Start of Data for processing

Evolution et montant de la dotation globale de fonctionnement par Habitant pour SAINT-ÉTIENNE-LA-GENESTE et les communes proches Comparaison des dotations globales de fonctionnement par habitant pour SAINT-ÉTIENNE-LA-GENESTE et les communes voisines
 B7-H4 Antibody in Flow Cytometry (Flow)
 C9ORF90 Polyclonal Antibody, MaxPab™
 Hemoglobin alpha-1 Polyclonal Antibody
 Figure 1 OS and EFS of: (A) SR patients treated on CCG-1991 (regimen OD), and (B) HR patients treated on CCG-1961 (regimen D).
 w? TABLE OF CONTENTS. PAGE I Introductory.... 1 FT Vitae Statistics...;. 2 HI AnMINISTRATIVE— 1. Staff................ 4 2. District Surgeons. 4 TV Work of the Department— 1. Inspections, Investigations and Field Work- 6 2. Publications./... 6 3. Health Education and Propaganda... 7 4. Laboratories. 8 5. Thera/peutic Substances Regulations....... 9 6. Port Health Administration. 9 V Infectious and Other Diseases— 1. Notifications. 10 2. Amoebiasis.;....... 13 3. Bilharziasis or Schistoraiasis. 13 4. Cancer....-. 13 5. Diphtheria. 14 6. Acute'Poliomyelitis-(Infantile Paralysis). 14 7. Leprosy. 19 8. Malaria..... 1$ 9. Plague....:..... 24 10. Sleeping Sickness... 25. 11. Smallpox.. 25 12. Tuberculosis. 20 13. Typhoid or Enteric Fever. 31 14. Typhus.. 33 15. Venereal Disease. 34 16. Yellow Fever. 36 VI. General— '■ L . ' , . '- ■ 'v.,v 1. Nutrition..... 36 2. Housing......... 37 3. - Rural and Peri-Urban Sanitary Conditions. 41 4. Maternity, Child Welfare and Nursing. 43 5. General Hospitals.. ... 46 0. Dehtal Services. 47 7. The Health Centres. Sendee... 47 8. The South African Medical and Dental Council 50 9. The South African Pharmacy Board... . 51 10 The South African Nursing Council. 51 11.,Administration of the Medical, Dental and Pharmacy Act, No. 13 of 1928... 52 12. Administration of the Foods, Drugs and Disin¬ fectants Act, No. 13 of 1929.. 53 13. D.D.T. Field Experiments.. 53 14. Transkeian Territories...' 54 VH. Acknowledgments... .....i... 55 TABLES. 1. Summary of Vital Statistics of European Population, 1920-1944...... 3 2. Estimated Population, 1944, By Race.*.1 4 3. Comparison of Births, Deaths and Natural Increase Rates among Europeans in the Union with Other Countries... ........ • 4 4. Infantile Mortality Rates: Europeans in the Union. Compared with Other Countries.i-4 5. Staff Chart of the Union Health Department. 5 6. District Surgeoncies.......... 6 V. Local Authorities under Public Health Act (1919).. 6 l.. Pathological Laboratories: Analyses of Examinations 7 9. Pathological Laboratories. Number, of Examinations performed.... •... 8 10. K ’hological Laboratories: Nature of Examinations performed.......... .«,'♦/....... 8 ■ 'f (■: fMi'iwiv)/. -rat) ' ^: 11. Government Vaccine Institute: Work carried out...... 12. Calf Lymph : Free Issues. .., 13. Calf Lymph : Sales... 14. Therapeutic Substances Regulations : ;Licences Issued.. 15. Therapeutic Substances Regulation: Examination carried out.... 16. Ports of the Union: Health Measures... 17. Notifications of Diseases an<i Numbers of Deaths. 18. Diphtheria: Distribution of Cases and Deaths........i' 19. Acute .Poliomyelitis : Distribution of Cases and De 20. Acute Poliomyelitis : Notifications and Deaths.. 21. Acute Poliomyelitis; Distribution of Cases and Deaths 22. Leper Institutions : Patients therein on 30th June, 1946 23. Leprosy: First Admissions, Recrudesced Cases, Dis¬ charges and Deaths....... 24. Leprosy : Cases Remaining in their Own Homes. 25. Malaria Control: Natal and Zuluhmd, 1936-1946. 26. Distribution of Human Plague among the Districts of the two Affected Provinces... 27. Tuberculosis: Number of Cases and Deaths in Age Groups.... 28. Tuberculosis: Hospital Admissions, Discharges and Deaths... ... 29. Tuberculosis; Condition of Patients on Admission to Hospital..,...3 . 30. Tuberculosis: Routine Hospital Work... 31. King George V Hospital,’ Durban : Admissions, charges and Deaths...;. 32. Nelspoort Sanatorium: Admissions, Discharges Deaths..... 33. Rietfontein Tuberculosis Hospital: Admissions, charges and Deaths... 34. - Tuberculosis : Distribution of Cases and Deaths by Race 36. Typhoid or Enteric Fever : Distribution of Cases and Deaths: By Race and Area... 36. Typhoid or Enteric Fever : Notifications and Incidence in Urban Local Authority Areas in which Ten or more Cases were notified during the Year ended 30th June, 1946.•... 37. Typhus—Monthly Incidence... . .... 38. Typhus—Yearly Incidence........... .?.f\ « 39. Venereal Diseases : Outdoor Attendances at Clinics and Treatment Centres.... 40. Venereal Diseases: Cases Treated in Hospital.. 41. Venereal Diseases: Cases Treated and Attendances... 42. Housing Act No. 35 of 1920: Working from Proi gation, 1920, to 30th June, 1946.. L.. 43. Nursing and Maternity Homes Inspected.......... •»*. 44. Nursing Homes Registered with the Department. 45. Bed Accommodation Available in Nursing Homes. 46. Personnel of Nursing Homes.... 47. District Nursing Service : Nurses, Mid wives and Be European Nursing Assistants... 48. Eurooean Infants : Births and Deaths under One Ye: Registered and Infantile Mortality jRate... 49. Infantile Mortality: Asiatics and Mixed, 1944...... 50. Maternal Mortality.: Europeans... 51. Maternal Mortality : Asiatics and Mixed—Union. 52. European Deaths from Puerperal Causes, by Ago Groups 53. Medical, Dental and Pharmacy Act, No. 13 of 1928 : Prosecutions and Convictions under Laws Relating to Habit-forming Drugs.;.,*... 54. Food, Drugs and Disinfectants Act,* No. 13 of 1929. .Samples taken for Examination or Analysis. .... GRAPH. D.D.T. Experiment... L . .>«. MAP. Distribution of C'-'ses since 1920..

End of Data for processing

▶ _Problem description_: What you give back must match the records word for word.

▶ _Reply to the exercise_:
Evolution et montant de la dotation globale de fonctionnement par Habitant pour SAINT-ÉTIENNE-LA-GENESTE et les communes proches Comparaison des dotations globales de fonctionnement par habitant pour SAINT-ÉTIENNE-LA-GENESTE et les communes voisines
 B7-H4 Antibody in Flow Cytometry (Flow)
 C9ORF90 Polyclonal Antibody, MaxPab™
 Hemoglobin alpha-1 Polyclonal Antibody
 Figure 1 OS and EFS of: (A) SR patients treated on CCG-1991 (regimen OD), and (B) HR patients treated on CCG-1961 (regimen D).
 w? TABLE OF CONTENTS. PAGE I Introductory.... 1 FT Vitae Statistics...;. 2 HI AnMINISTRATIVE— 1. Staff................ 4 2. District Surgeons. 4 TV Work of the Department— 1. Inspections, Investigations and Field Work- 6 2. Publications./... 6 3. Health Education and Propaganda... 7 4. Laboratories. 8 5. Thera/peutic Substances Regulations....... 9 6. Port Health Administration. 9 V Infectious and Other Diseases— 1. Notifications. 10 2. Amoebiasis.;....... 13 3. Bilharziasis or Schistoraiasis. 13 4. Cancer....-. 13 5. Diphtheria. 14 6. Acute'Poliomyelitis-(Infantile Paralysis). 14 7. Leprosy. 19 8. Malaria..... 1$ 9. Plague....:..... 24 10. Sleeping Sickness... 25. 11. Smallpox.. 25 12. Tuberculosis. 20 13. Typhoid or Enteric Fever. 31 14. Typhus.. 33 15. Venereal Disease. 34 16. Yellow Fever. 36 VI. General— '■ L . ' , . '- ■ 'v.,v 1. Nutrition..... 36 2. Housing......... 37 3. - Rural and Peri-Urban Sanitary Conditions. 41 4. Maternity, Child Welfare and Nursing. 43 5. General Hospitals.. ... 46 0. Dehtal Services. 47 7. The Health Centres. Sendee... 47 8. The South African Medical and Dental Council 50 9. The South African Pharmacy Board... . 51 10 The South African Nursing Council. 51 11.,Administration of the Medical, Dental and Pharmacy Act, No. 13 of 1928... 52 12. Administration of the Foods, Drugs and Disin¬ fectants Act, No. 13 of 1929.. 53 13. D.D.T. Field Experiments.. 53 14. Transkeian Territories...' 54 VH. Acknowledgments... .....i... 55 TABLES. 1. Summary of Vital Statistics of European Population, 1920-1944...... 3 2. Estimated Population, 1944, By Race.*.1 4 3. Comparison of Births, Deaths and Natural Increase Rates among Europeans in the Union with Other Countries... ........ • 4 4. Infantile Mortality Rates: Europeans in the Union. Compared with Other Countries.i-4 5. Staff Chart of the Union Health Department. 5 6. District Surgeoncies.......... 6 V. Local Authorities under Public Health Act (1919).. 6 l.. Pathological Laboratories: Analyses of Examinations 7 9. Pathological Laboratories. Number, of Examinations performed.... •... 8 10. K ’hological Laboratories: Nature of Examinations performed.......... .«,'♦/....... 8 ■ 'f (■: fMi'iwiv)/. -rat) ' ^: 11. Government Vaccine Institute: Work carried out...... 12. Calf Lymph : Free Issues. .., 13. Calf Lymph : Sales... 14. Therapeutic Substances Regulations : ;Licences Issued.. 15. Therapeutic Substances Regulation: Examination carried out.... 16. Ports of the Union: Health Measures... 17. Notifications of Diseases an<i Numbers of Deaths. 18. Diphtheria: Distribution of Cases and Deaths........i' 19. Acute .Poliomyelitis : Distribution of Cases and De 20. Acute Poliomyelitis : Notifications and Deaths.. 21. Acute Poliomyelitis; Distribution of Cases and Deaths 22. Leper Institutions : Patients therein on 30th June, 1946 23. Leprosy: First Admissions, Recrudesced Cases, Dis¬ charges and Deaths....... 24. Leprosy : Cases Remaining in their Own Homes. 25. Malaria Control: Natal and Zuluhmd, 1936-1946. 26. Distribution of Human Plague among the Districts of the two Affected Provinces... 27. Tuberculosis: Number of Cases and Deaths in Age Groups.... 28. Tuberculosis: Hospital Admissions, Discharges and Deaths... ... 29. Tuberculosis; Condition of Patients on Admission to Hospital..,...3 . 30. Tuberculosis: Routine Hospital Work... 31. King George V Hospital,’ Durban : Admissions, charges and Deaths...;. 32. Nelspoort Sanatorium: Admissions, Discharges Deaths..... 33. Rietfontein Tuberculosis Hospital: Admissions, charges and Deaths... 34. - Tuberculosis : Distribution of Cases and Deaths by Race 36. Typhoid or Enteric Fever : Distribution of Cases and Deaths: By Race and Area... 36. Typhoid or Enteric Fever : Notifications and Incidence in Urban Local Authority Areas in which Ten or more Cases were notified during the Year ended 30th June, 1946.•... 37. Typhus—Monthly Incidence... . .... 38. Typhus—Yearly Incidence........... .?.f\ « 39. Venereal Diseases : Outdoor Attendances at Clinics and Treatment Centres.... 40. Venereal Diseases: Cases Treated in Hospital.. 41. Venereal Diseases: Cases Treated and Attendances... 42. Housing Act No. 35 of 1920: Working from Proi gation, 1920, to 30th June, 1946.. L.. 43. Nursing and Maternity Homes Inspected.......... •»*. 44. Nursing Homes Registered with the Department. 45. Bed Accommodation Available in Nursing Homes. 46. Personnel of Nursing Homes.... 47. District Nursing Service : Nurses, Mid wives and Be European Nursing Assistants... 48. Eurooean Infants : Births and Deaths under One Ye: Registered and Infantile Mortality jRate... 49. Infantile Mortality: Asiatics and Mixed, 1944...... 50. Maternal Mortality.: Europeans... 51. Maternal Mortality : Asiatics and Mixed—Union. 52. European Deaths from Puerperal Causes, by Ago Groups 53. Medical, Dental and Pharmacy Act, No. 13 of 1928 : Prosecutions and Convictions under Laws Relating to Habit-forming Drugs.;.,*... 54. Food, Drugs and Disinfectants Act,* No. 13 of 1929. .Samples taken for Examination or Analysis. .... GRAPH. D.D.T. Experiment... L . .>«. MAP. Distribution of C'-'ses since 1920..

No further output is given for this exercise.